* [Input for this task]:
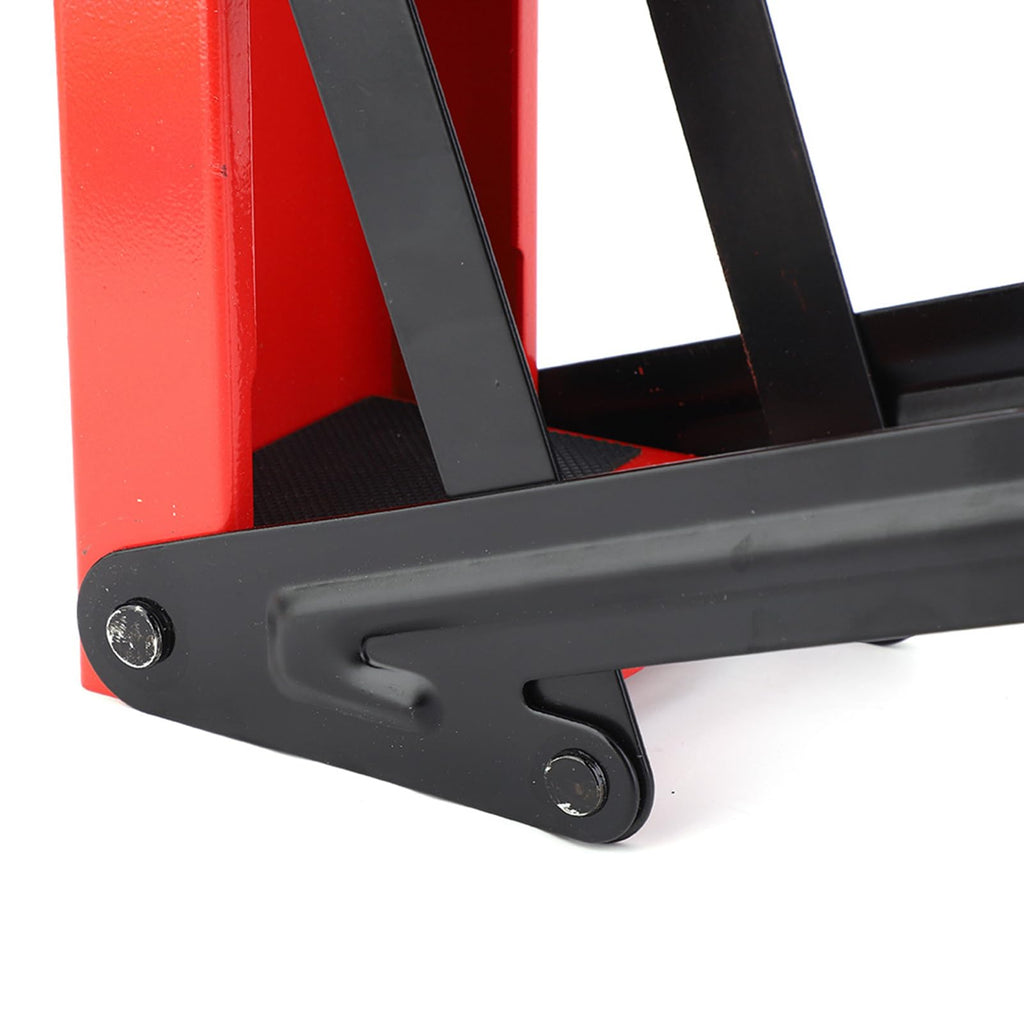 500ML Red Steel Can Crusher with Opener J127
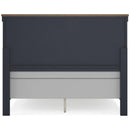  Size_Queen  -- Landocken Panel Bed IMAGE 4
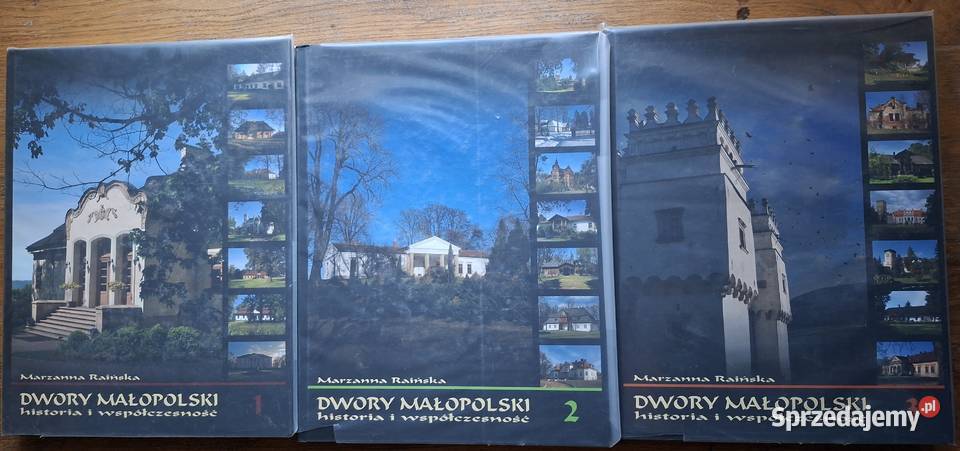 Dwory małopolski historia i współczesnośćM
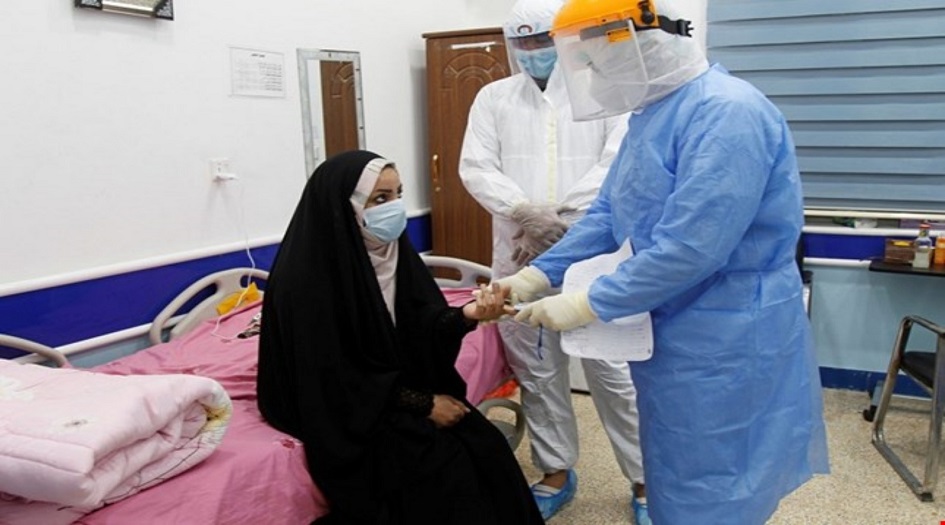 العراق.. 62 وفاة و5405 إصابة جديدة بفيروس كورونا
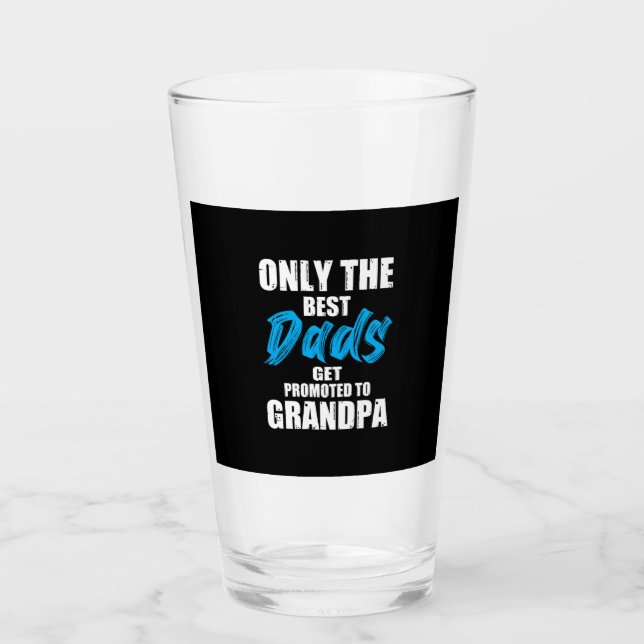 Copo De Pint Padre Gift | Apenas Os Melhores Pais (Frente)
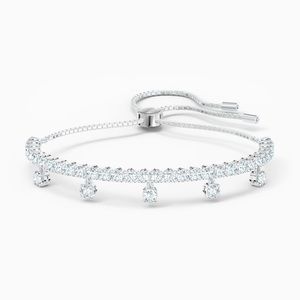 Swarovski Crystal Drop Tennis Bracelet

...

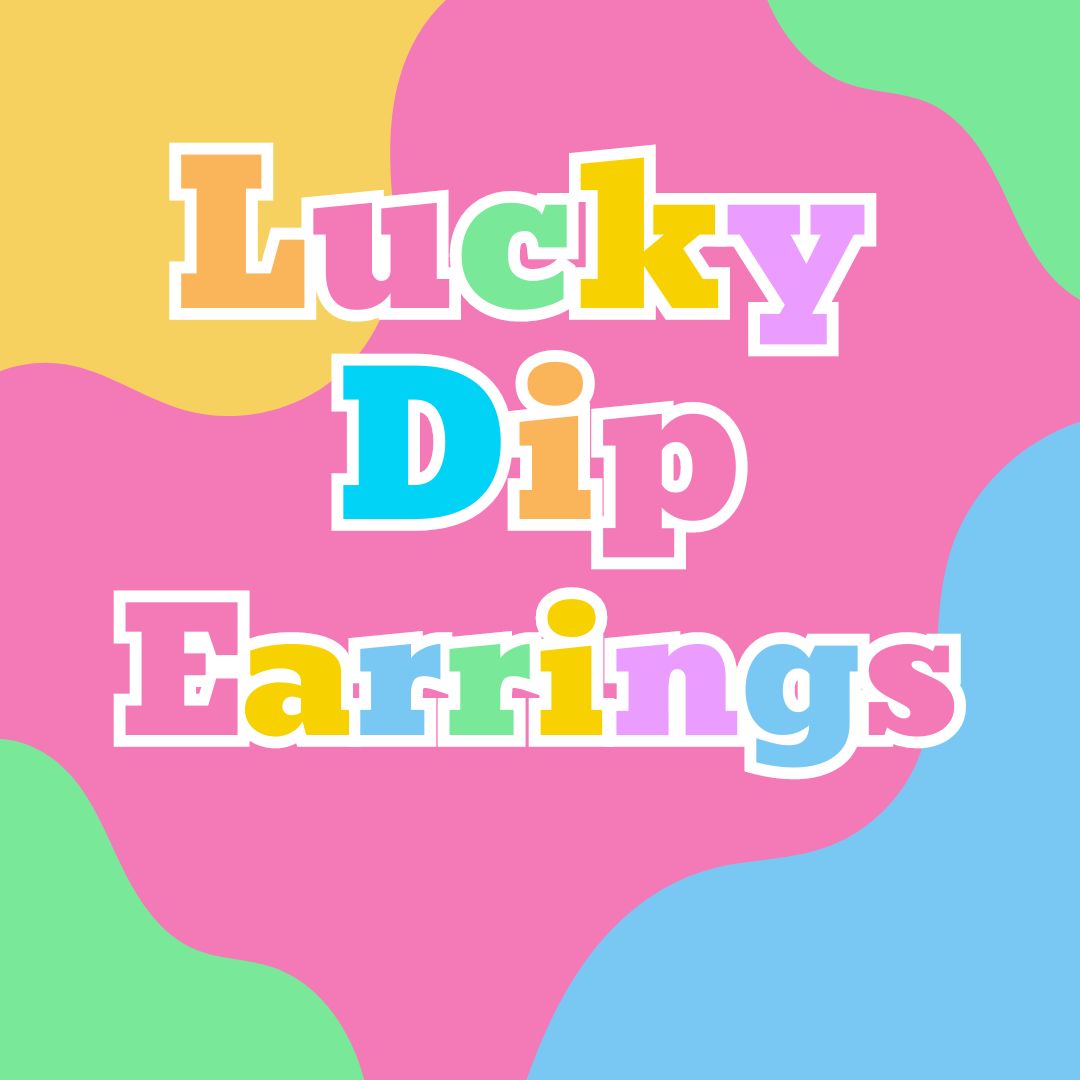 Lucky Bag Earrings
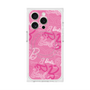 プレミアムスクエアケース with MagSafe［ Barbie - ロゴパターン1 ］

...

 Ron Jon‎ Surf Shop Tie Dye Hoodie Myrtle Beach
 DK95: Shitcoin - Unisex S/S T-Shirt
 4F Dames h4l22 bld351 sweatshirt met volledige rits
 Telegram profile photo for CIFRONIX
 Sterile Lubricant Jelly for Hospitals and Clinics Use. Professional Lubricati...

* [Your task]:
From the records above, extract exactly and only the lines that begin at the line with "4F Dames h4l22" and stop after the line with "Sterile Lubricant Jelly".

* [Exercise result]:
 4F Dames h4l22 bld351 sweatshirt met volledige rits
 Telegram profile photo for CIFRONIX
 Sterile Lubricant Jelly for Hospitals and Clinics Use. Professional Lubricati...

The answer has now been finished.